Collected material
[Start of section]

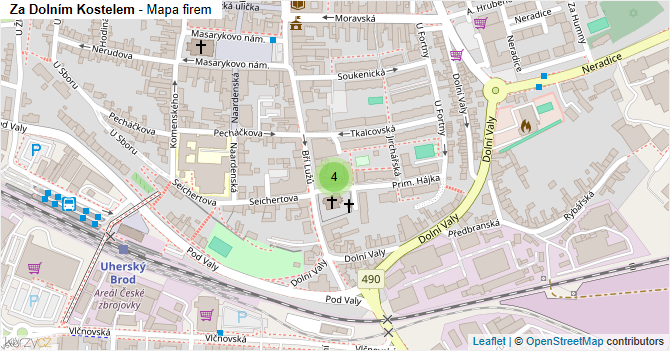 Za Dolním Kostelem - mapa firem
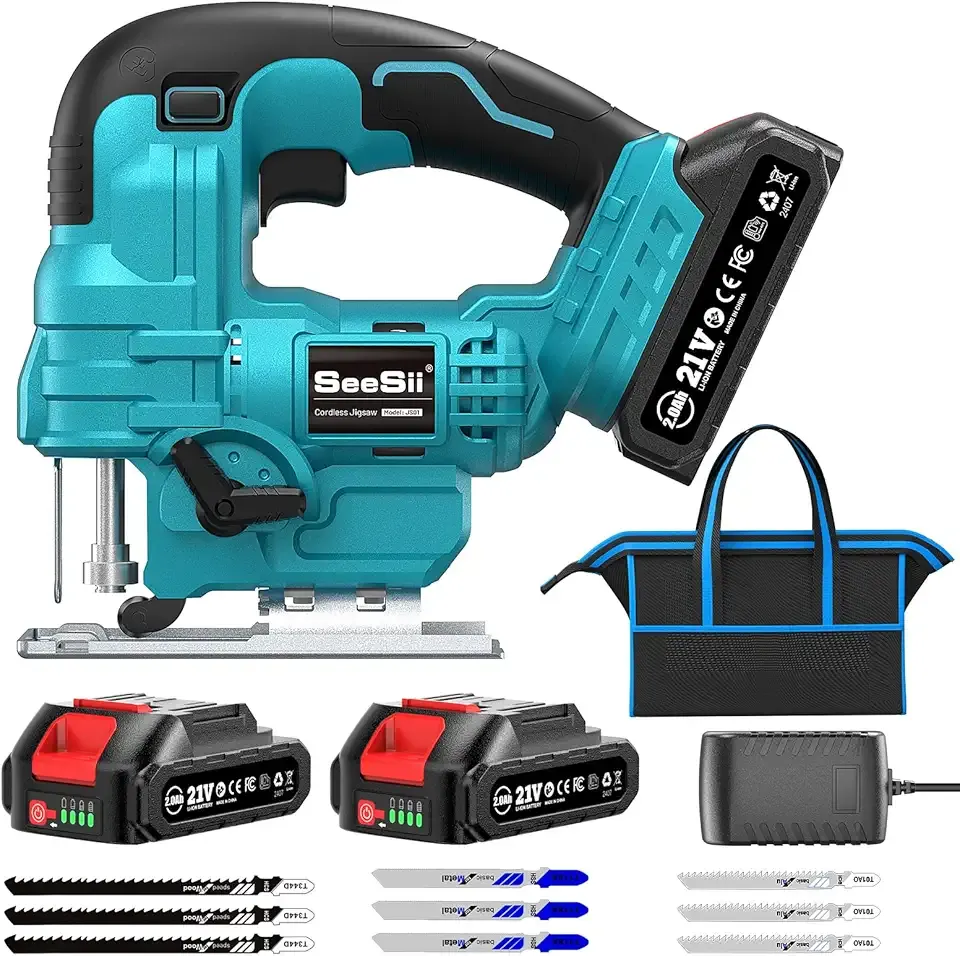 SEESII Cordless Jig Saw 21V, Electric Jigsaw Tool with 2× 2.0Ah Batteries, 2800RPM Variable Speed for Wood Cutting, 0°-45° Bevel Cuts, LED Light, 4 Orbital Settings for Straight/Curve/Circle Cutting
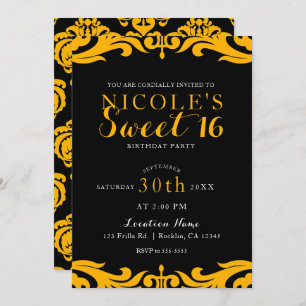 Black & Yellow Damask Chic Elegant Sweet 16 Party Invitation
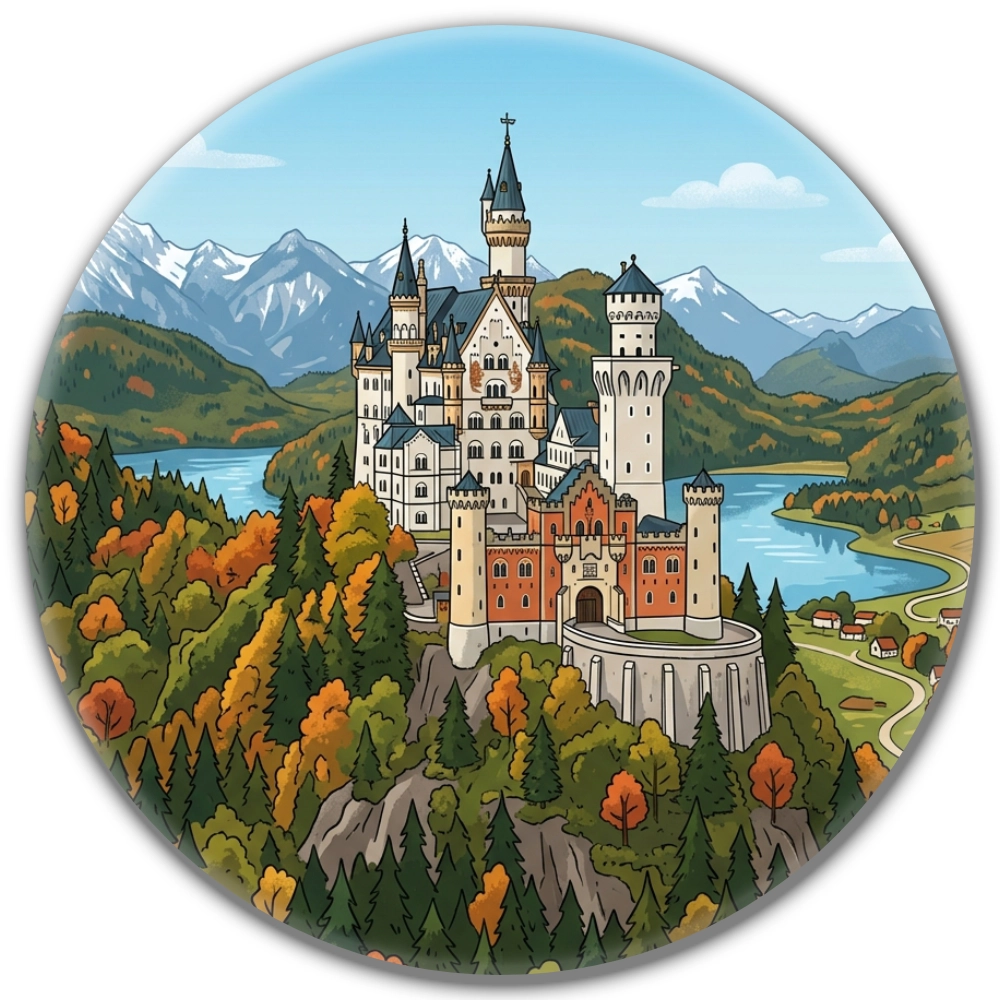 przypinka turystyczna Zamek Neuschwanstein.webp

[End of section]

What is expected
Could each line of the data be written out exactly, with no pictures included?

Task result
 Za Dolním Kostelem - mapa firem
 SEESII Cordless Jig Saw 21V, Electric Jigsaw Tool with 2× 2.0Ah Batteries, 2800RPM Variable Speed for Wood Cutting, 0°-45° Bevel Cuts, LED Light, 4 Orbital Settings for Straight/Curve/Circle Cutting
 Black & Yellow Damask Chic Elegant Sweet 16 Party Invitation
 przypinka turystyczna Zamek Neuschwanstein.webp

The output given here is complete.